START Exercise data
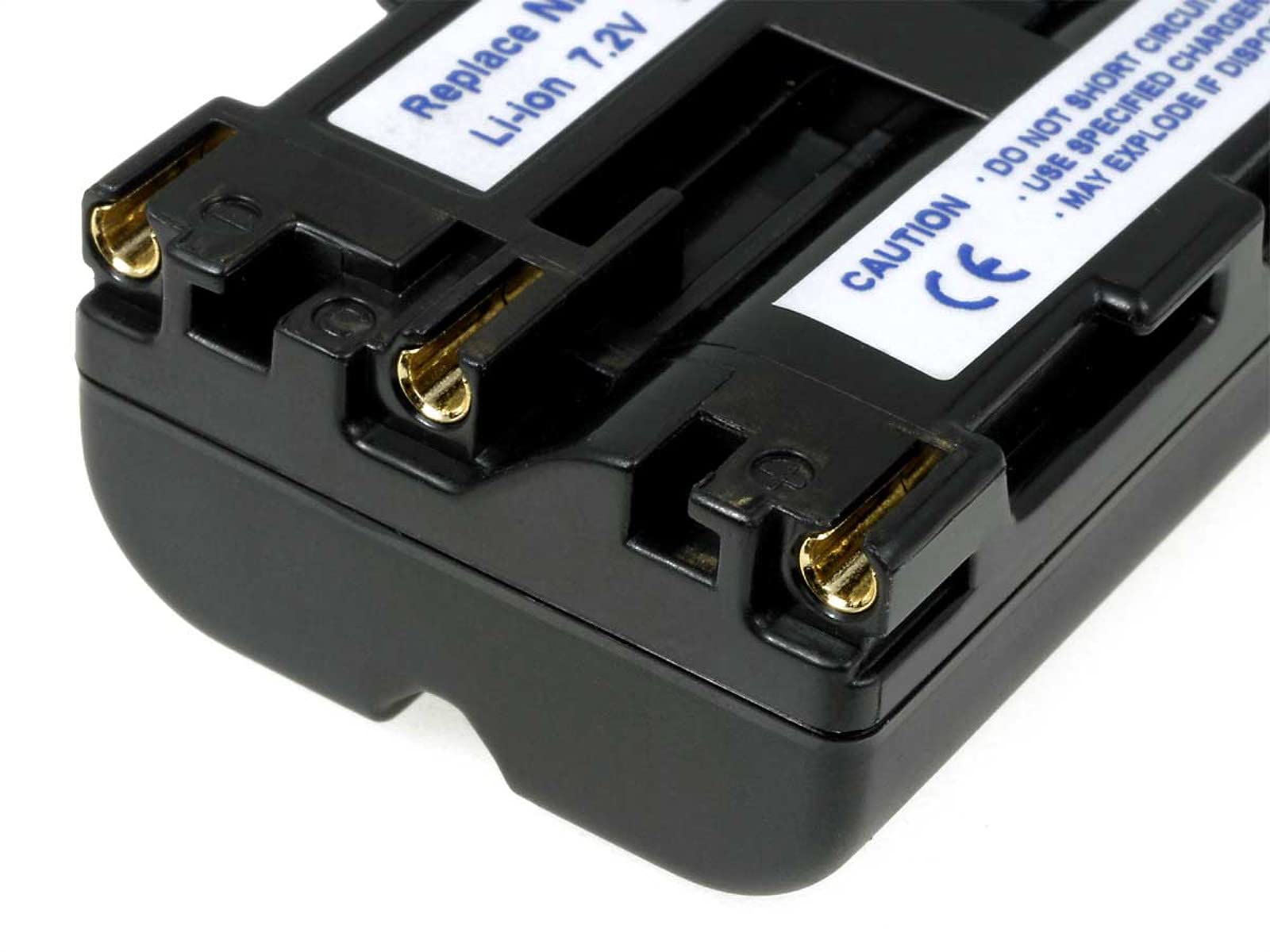 Batteria Li-Ion 7,2V 1600mAh Per Fotocamera Sony Alpha Serie 350, Ricambio Compatibile Da 1600mAh/11,5Wh, Dimensioni 56x39x21mm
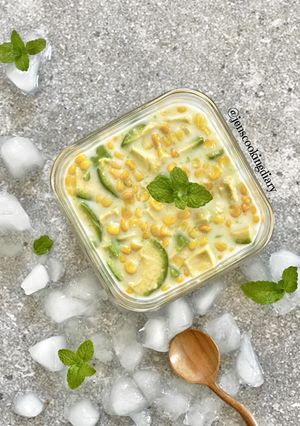 A picture of Avocado Corn Ice.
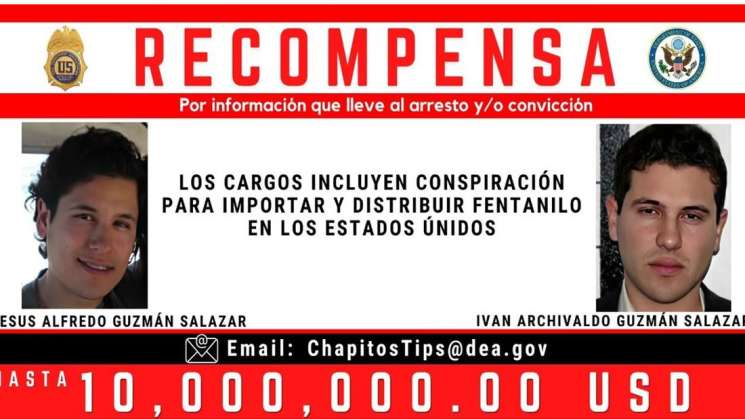  Eleva DEA a 10 mdd recompensa por 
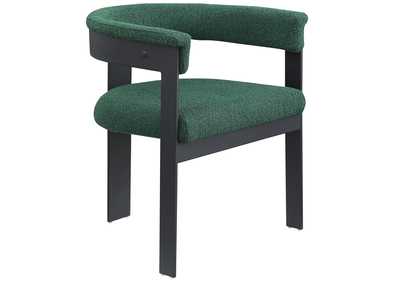 Image for Romeo Green Boucle Fabric Dining Chair Set of 2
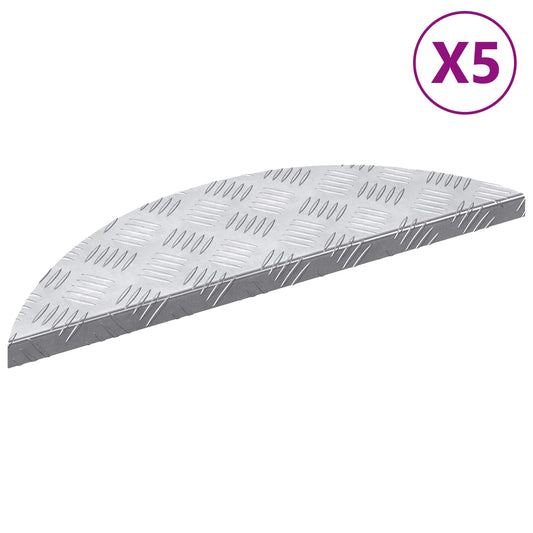Trappe Tread Halvmåne Sølv 60 X 18 X 2,5 Cm Aluminium - Hovedbillede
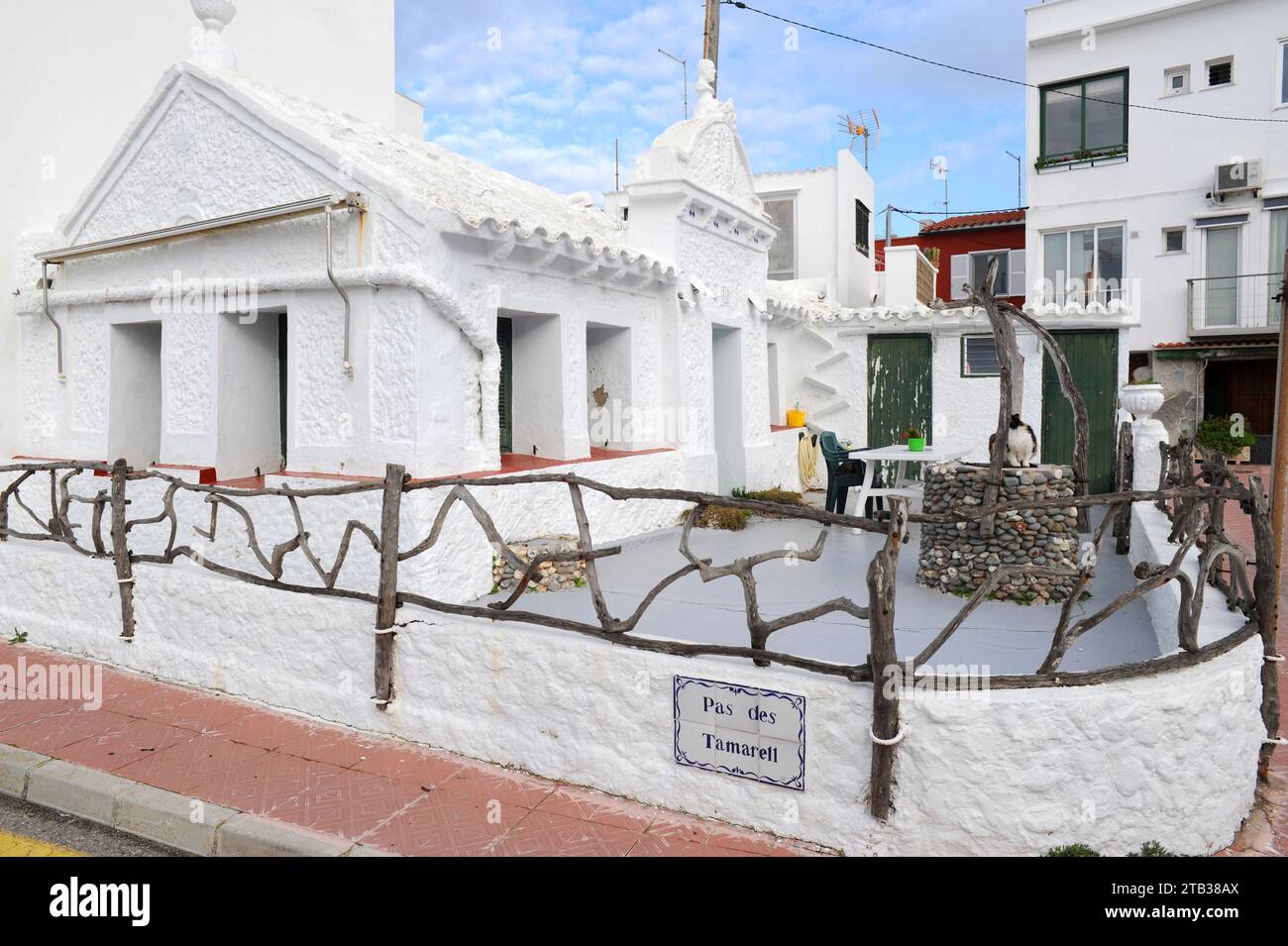 Es Grau, traditionelles Haus. Menorca Biosphärenreservat, Balearen, Spanien. Stockfoto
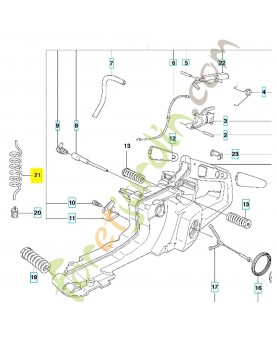 Durite husqvarna ref. 581756202 Remplace référence 503577602 ; 544325002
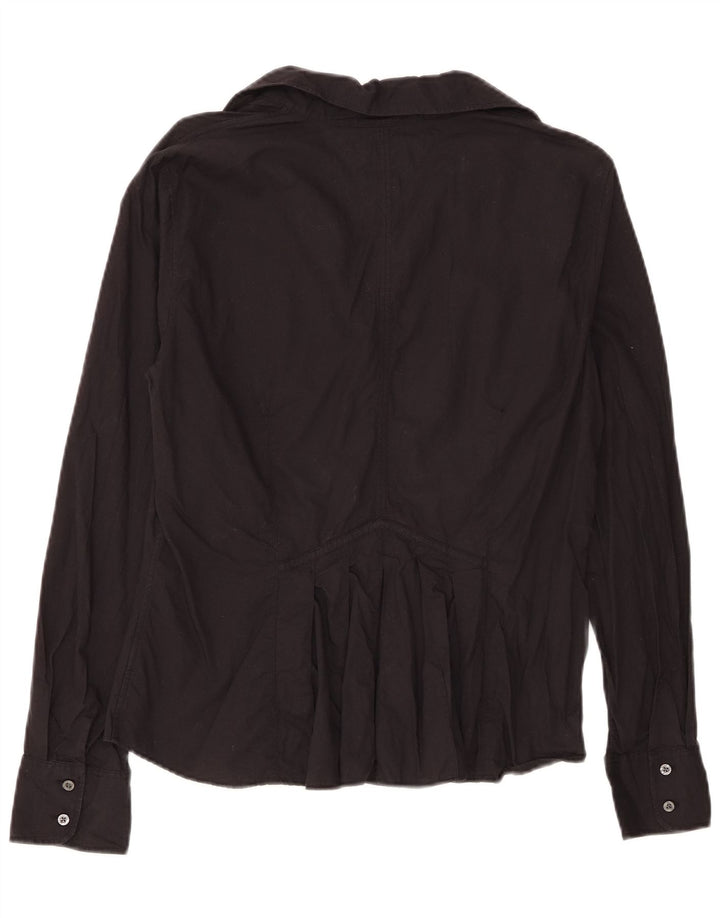 Camisa Tommy Hilfiger Feminina UK 14 Grande Algodão Preto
END Exercise data
* _Problem statement_: In the data above, the line containing "Durite husqvarna ref." and all lines after it are to be reproduced exactly, leaving out the pictures.

* _Solution_:
 Durite husqvarna ref. 581756202 Remplace référence 503577602 ; 544325002
 Camisa Tommy Hilfiger Feminina UK 14 Grande Algodão Preto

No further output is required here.